-- Excerpted records follows --

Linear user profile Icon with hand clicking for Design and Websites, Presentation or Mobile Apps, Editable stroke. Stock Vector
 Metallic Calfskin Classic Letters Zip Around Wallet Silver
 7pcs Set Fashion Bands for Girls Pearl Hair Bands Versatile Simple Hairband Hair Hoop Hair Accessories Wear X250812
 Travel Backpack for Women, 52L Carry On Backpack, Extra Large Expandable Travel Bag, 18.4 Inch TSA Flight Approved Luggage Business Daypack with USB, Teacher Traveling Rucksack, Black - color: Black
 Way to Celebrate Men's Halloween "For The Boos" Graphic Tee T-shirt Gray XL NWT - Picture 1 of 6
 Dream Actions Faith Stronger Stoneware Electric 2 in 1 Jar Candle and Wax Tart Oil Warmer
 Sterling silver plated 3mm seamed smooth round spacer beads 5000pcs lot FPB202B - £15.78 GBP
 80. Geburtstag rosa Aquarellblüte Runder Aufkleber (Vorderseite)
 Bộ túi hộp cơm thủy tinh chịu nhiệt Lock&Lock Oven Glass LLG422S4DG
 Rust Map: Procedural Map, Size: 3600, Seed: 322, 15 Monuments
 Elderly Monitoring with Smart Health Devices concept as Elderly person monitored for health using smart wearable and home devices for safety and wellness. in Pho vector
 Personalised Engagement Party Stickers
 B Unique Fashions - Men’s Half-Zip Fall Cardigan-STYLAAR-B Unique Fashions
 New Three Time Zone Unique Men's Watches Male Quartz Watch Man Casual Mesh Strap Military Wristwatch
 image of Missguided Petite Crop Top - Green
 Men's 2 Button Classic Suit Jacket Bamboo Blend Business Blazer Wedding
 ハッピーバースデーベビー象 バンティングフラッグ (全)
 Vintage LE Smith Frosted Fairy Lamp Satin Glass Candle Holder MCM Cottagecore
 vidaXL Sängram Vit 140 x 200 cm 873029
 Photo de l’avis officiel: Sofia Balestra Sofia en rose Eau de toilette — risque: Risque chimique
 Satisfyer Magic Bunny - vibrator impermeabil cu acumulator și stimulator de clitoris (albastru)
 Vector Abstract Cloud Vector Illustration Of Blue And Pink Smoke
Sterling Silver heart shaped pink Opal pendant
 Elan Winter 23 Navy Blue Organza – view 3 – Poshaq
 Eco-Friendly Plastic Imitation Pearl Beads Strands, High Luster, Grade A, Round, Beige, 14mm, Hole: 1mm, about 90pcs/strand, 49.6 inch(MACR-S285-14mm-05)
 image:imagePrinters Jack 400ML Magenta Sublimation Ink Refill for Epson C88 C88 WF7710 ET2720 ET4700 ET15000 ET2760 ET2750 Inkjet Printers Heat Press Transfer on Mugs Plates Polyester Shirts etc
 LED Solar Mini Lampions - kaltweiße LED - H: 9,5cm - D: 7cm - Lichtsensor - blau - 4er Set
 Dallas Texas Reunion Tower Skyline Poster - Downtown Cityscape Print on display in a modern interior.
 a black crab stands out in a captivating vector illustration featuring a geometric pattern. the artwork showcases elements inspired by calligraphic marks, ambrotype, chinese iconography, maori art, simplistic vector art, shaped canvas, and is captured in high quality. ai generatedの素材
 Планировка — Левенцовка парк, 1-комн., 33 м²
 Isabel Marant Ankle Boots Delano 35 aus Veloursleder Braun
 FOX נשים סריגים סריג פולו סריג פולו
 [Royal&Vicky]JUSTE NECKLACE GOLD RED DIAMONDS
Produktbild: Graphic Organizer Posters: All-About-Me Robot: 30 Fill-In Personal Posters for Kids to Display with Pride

-- Excerpted records concluded --

§ **Exercise**:
Go through the entries and copy every line with "Blue".

§ **Exercise solution**:
 Vector Abstract Cloud Vector Illustration Of Blue And Pink Smoke
 Elan Winter 23 Navy Blue Organza – view 3 – Poshaq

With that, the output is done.